# tough love? my rescue is mooching daily



## psychopomp (May 5, 2008)

Hi
about 2 months ago I released a feral I had rescued....shes pretty happy and has a local flock. She comes back daily for feedings, alone, and I have been cutting back to a small handful of brown rice daily. but she will sit around my house for hours and stare in the window....shes not getting the hint....I tried seeing if she wanted back, but she doesnt ( wont go in her old cage etc) 

I am pretty sure she just wants the handout...I am leaving for 5 weeks very soon which is why I want her to be more independent. I am hoping she wont starve while I am gone...somehow I doubt it, likely I am just a softie and she knows it.

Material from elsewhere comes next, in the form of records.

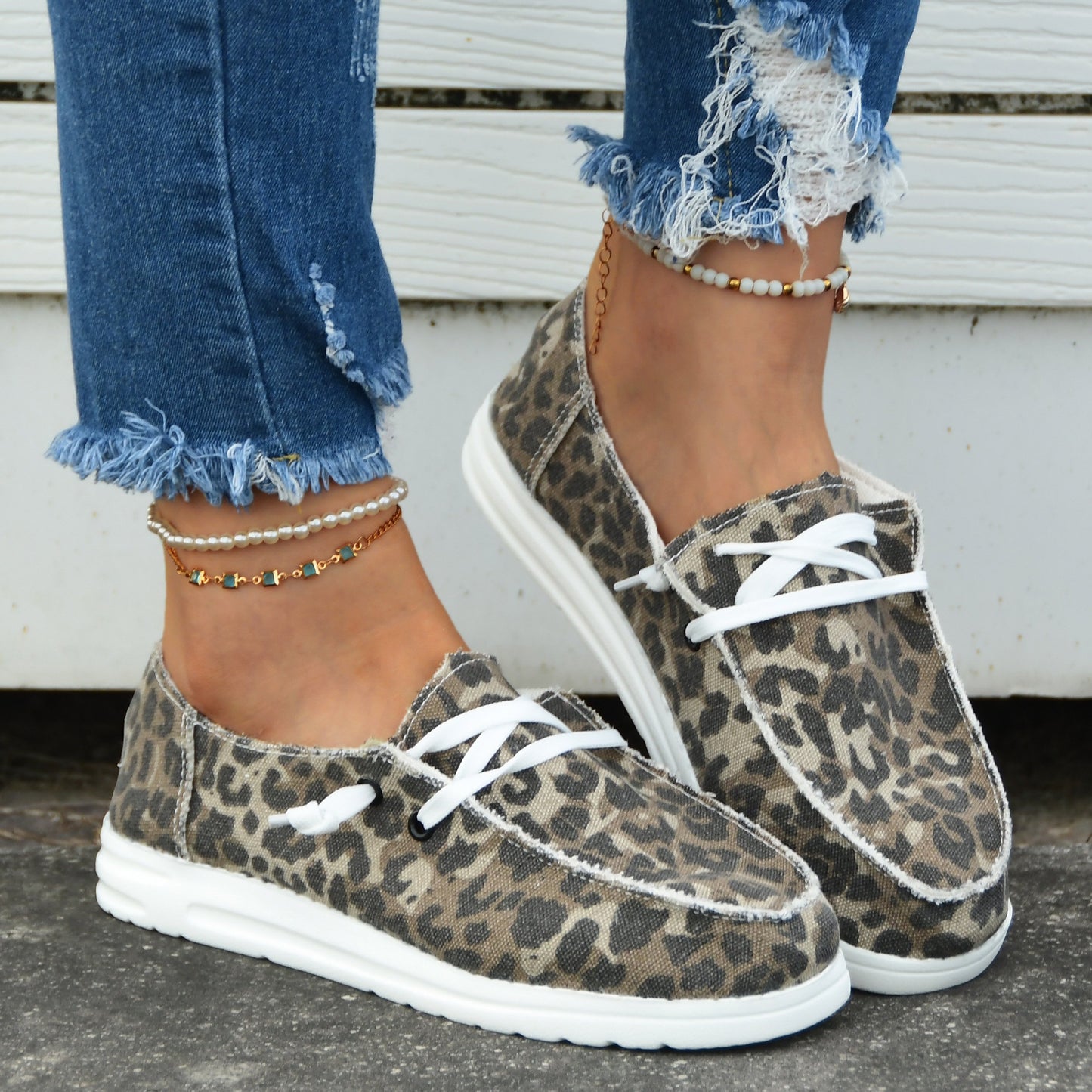Casual Flat Canvas Shoes, Lace Up Low Top Walking Flats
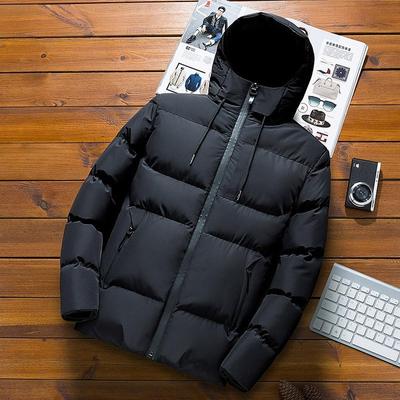 Casacos de Outono Para Homens Casacos Leves Acolchoados de Algodão com Capuz Casacos Quentes de Outono para Homens Jaqueta Puffer de Cor Sólida Roupas Masculinas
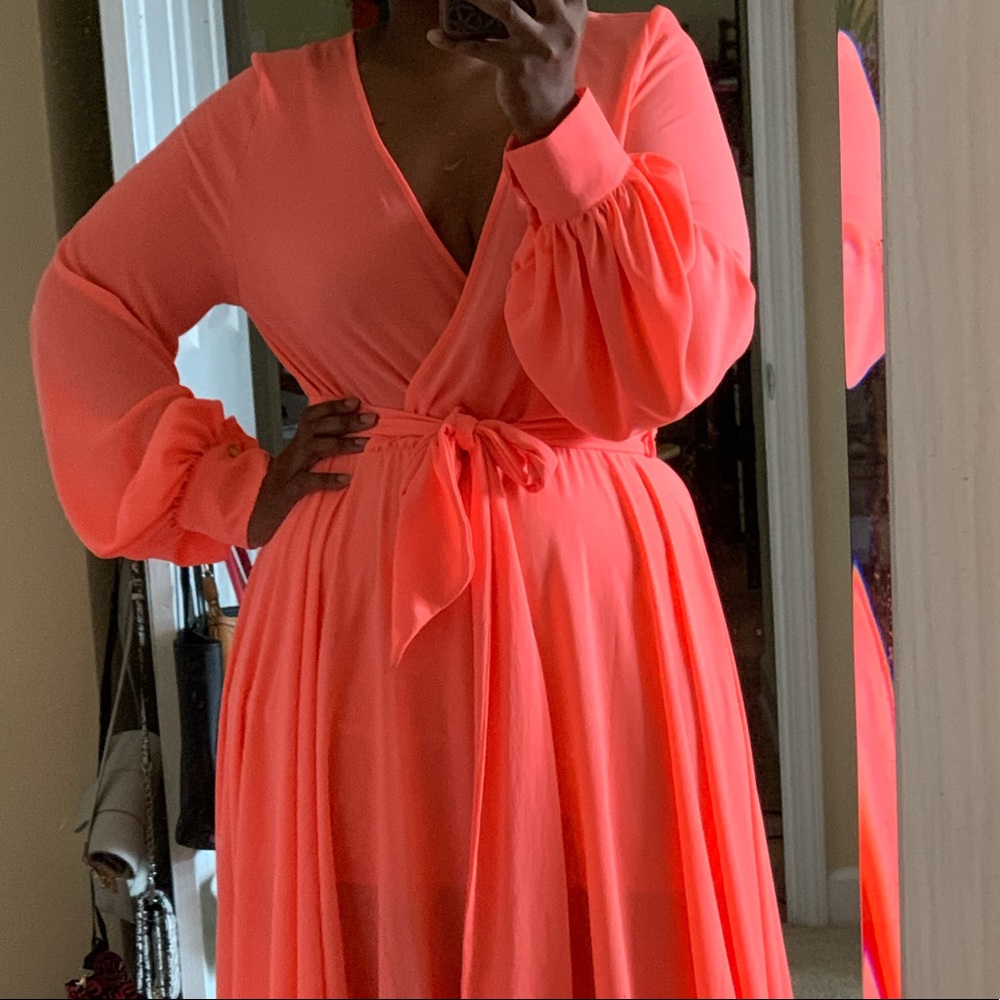 Asoph Fabulous Neon Coral Maxi Dress-NWOT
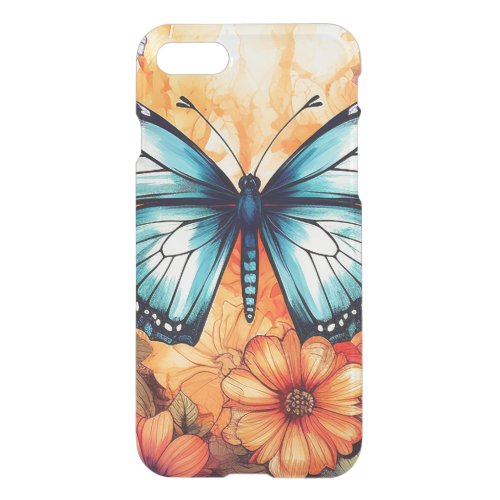 Natural Butterfly Floral Blossom Haven Watercolor iPhone SE87 Case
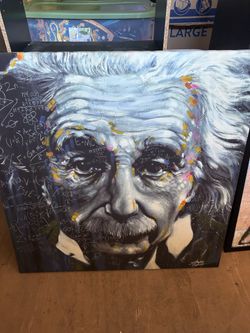 Large Pop-Art Albert Einstein Canvas (36x36)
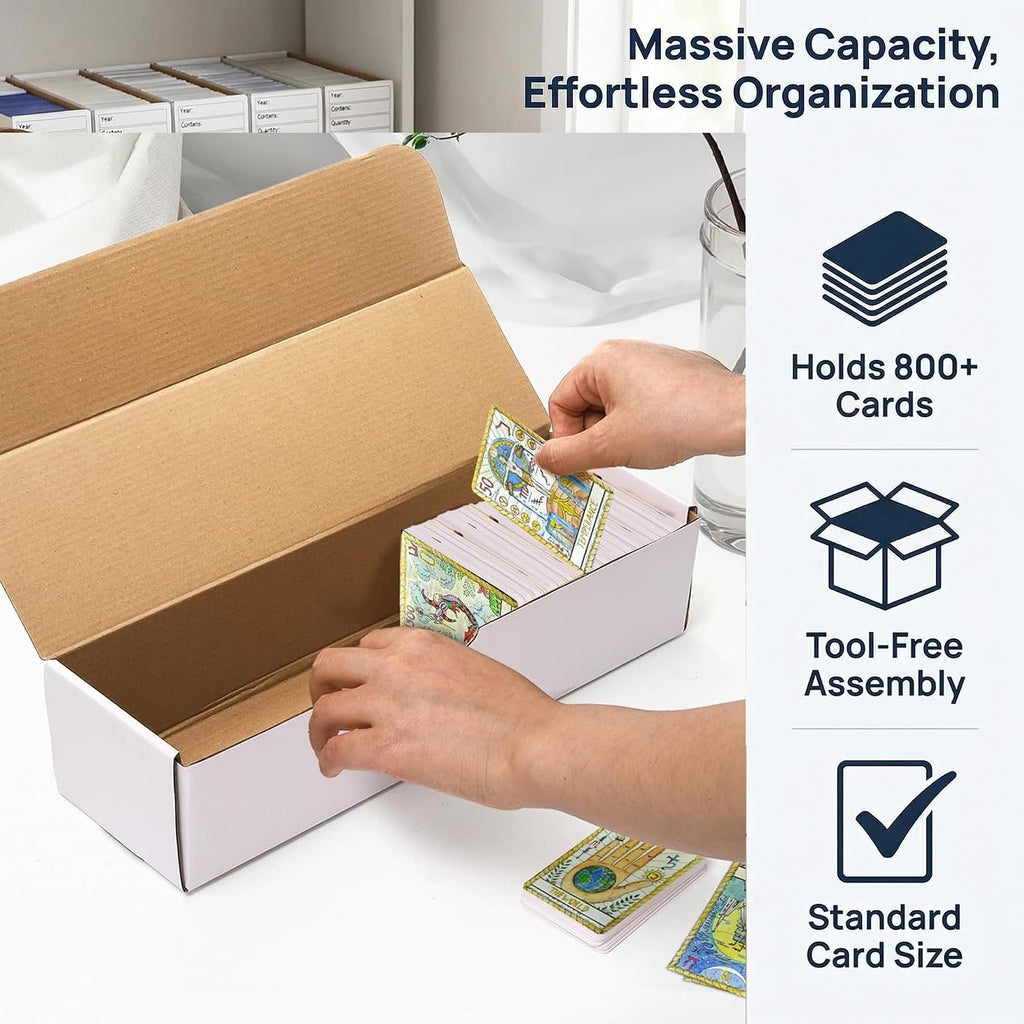 12 Pack 800-Count Trading Card Storage Box, Cardboard Storage Boxes for Baseball, Sports, Football, Basketball Cards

I am going to completely remove the birdfeeder...does this sound ok? 

any other suggestions? i have tried chasing her away but she comes right back, there are a lot of cats around here and she comes alone.


----------



## Charis (Feb 11, 2007)

Do you have a neighbor of friend that can fill the feeder?


----------



## psychopomp (May 5, 2008)

I'd rather not...they dont like pigeons and there are cats around....I'd rather she learn to feed with her flock. a lone pigeon hanging around isnt a good thing....there are hawks too.


----------



## Columba livia! (May 4, 2009)

She should get the message if you take the feeder down for a while. Its better she leave than get it from a cat!


----------



## jenfer (Jan 7, 2008)

Can you bring some food to where the local flock is to encourage her to stay with them? She might be coming around because she isn't finding enough to eat there.


----------



## psychopomp (May 5, 2008)

I dont know where the local flock feeds...likely the train yards, where grain falls off...maybe in dumpsters? not sure! 

I am aiming to have the house sitter put out some rice every few days when she waters the plants ( she likes pigeons!)...today she was pecking at my window ( I mean the pigeon!!) am i a sucker for those sad eyes or what

I think I am losing to the birds


----------